= Beginning of Section =
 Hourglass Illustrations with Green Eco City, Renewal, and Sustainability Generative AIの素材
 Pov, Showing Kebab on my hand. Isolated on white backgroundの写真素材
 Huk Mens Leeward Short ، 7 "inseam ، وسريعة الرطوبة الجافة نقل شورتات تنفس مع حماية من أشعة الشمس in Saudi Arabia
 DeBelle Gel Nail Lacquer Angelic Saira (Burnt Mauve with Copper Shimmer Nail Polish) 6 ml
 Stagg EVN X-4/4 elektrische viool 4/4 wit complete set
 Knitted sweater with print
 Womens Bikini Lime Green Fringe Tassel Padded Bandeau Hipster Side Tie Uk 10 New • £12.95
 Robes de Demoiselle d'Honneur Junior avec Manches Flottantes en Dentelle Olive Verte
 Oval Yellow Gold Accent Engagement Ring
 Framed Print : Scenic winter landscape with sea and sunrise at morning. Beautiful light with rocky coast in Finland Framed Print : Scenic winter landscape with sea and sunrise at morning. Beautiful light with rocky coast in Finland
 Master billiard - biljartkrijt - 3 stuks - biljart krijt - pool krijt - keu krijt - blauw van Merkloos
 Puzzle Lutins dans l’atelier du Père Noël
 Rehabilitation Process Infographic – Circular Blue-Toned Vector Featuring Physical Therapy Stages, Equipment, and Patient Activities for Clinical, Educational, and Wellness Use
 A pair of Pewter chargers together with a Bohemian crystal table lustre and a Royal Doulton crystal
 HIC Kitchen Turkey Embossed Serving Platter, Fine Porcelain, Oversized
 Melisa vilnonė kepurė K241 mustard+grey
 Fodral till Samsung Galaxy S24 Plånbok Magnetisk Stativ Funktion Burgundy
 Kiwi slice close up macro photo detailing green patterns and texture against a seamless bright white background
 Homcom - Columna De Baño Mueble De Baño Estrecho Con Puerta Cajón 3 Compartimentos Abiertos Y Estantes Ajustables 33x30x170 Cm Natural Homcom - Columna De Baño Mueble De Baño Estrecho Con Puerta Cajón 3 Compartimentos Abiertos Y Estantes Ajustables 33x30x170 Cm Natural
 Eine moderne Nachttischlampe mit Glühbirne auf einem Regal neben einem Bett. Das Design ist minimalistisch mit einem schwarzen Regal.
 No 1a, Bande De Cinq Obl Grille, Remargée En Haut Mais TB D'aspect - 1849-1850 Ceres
= End of Section =
(Requirement) With the first line being the one containing "in Finland Framed" and the last line the one containing "A pair of Pewter", transcribe exactly the lines above that fall in that range.

(Answer space)
 Framed Print : Scenic winter landscape with sea and sunrise at morning. Beautiful light with rocky coast in Finland Framed Print : Scenic winter landscape with sea and sunrise at morning. Beautiful light with rocky coast in Finland
 Master billiard - biljartkrijt - 3 stuks - biljart krijt - pool krijt - keu krijt - blauw van Merkloos
 Puzzle Lutins dans l’atelier du Père Noël
 Rehabilitation Process Infographic – Circular Blue-Toned Vector Featuring Physical Therapy Stages, Equipment, and Patient Activities for Clinical, Educational, and Wellness Use
 A pair of Pewter chargers together with a Bohemian crystal table lustre and a Royal Doulton crystal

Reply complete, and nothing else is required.